**WORK TO COMPLETE**: Copy verbatim the span of lines beginning at the line that contains "2025年小额秒批不看征信，试试这五个最新17岁网贷平台" and ending with the final line of the data. Exclude pictures from the copy.

Stored data entries
********************

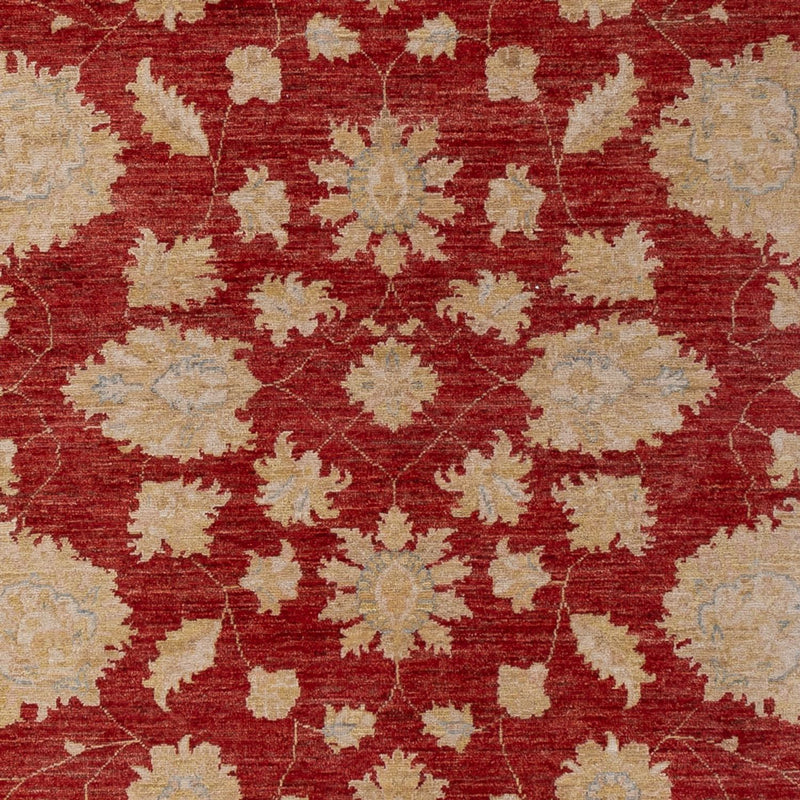 Tappeto Ziegler - 295 x 201 cm - rosso scuro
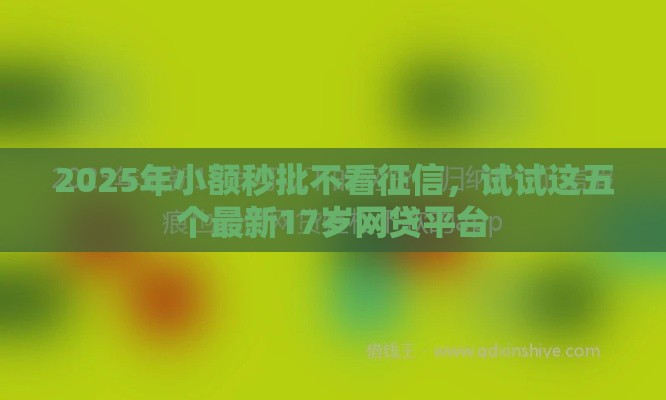 2025年小额秒批不看征信，试试这五个最新17岁网贷平台
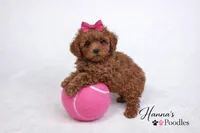 AKC Pink Female Toy Poodle 6-7lbs as adult, a female Poodle - Toy  for sale in Plantation Acres, FL – Photo 2 of 5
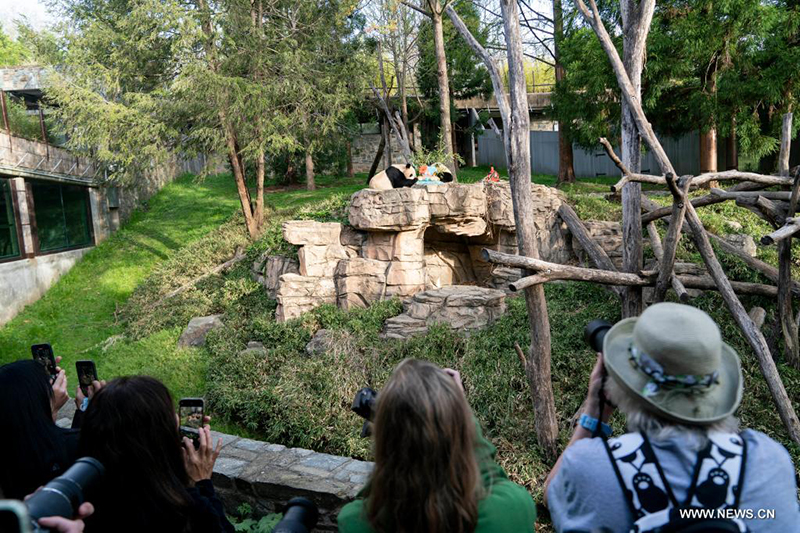 ????? ????? ?????????? ??????? ????????? ????? ??????? ???50 ?????? ???????? ??????? ????????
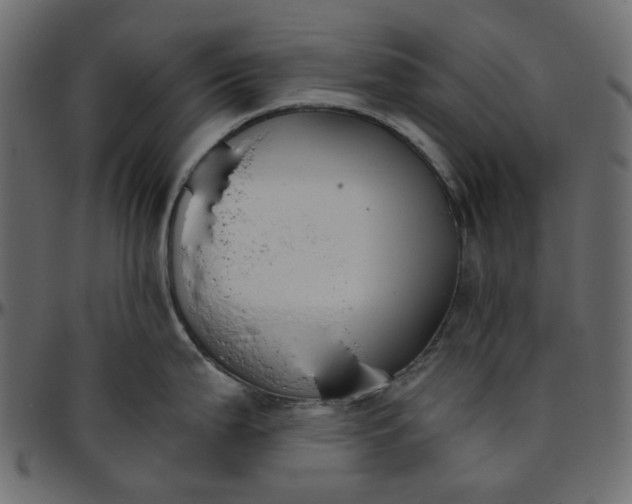 X0000095681199200801221219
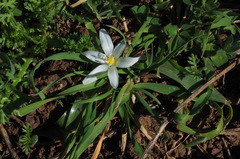 Ornithogalum lanceolatum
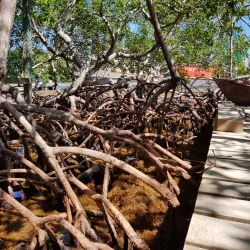 Daniel Johnson's Monkey and Sloth Hangout - Roatan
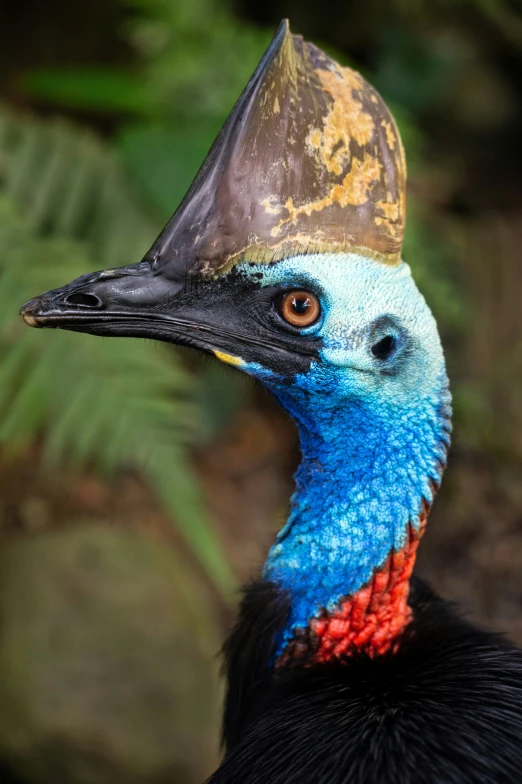 a black bird with a blue head and red feathers and a yellow bill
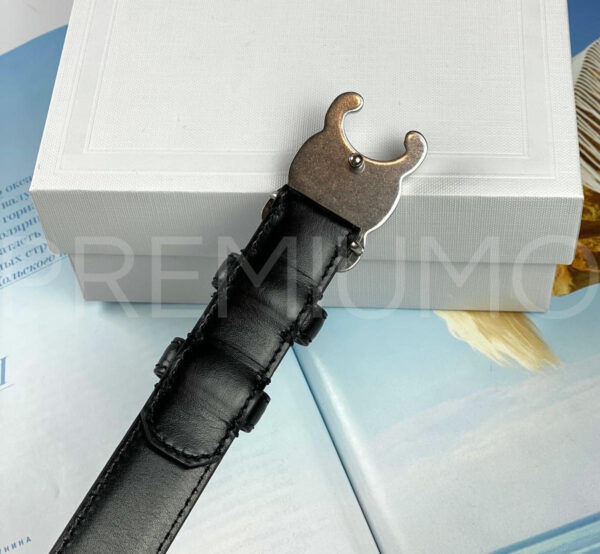 Celine ремень PR163838 4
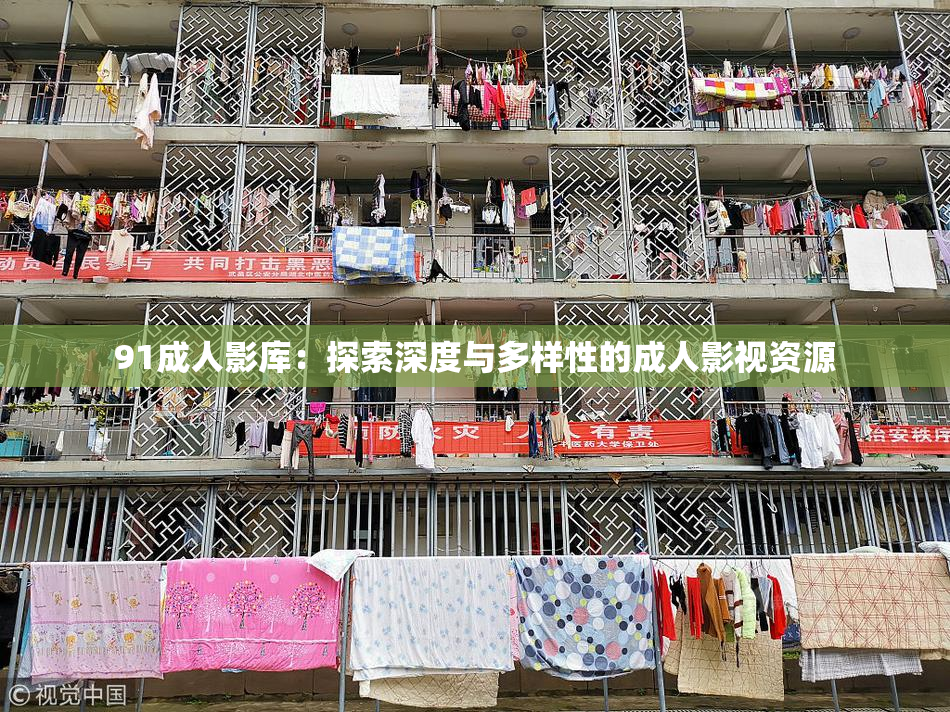 91成人影库：探索深度与多样性的成人影视资源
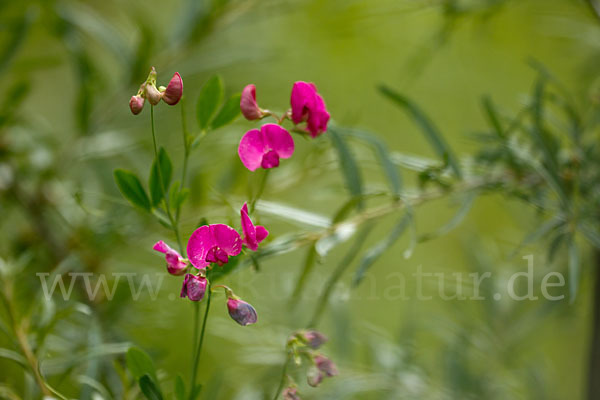 Verschiedenblättrige Platterbse (Lathyrus heterophyllus)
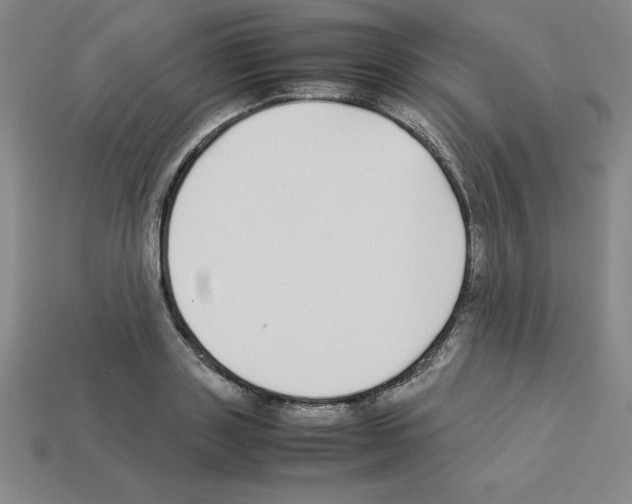 X0000112870843200910021331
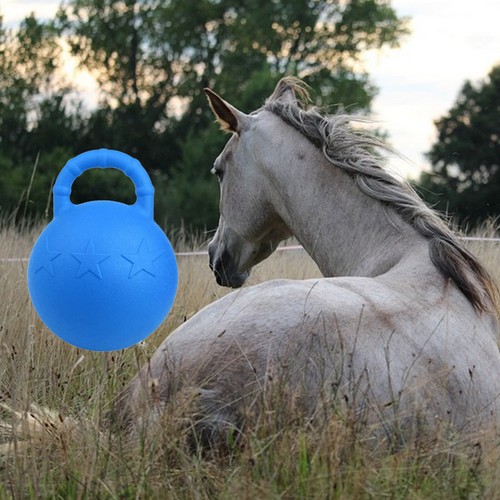 25cm pferdespielball mit - 25cm,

********************

**RESULT FOR THIS TASK**:
 2025年小额秒批不看征信，试试这五个最新17岁网贷平台
 AKC Pink Female Toy Poodle 6-7lbs as adult, a female Poodle - Toy  for sale in Plantation Acres, FL – Photo 2 of 5
 ????? ????? ?????????? ??????? ????????? ????? ??????? ???50 ?????? ???????? ??????? ????????
 X0000095681199200801221219
 Ornithogalum lanceolatum
 Daniel Johnson's Monkey and Sloth Hangout - Roatan
 a black bird with a blue head and red feathers and a yellow bill
 Celine ремень PR163838 4
 91成人影库：探索深度与多样性的成人影视资源
 Verschiedenblättrige Platterbse (Lathyrus heterophyllus)
 X0000112870843200910021331
 25cm pferdespielball mit - 25cm,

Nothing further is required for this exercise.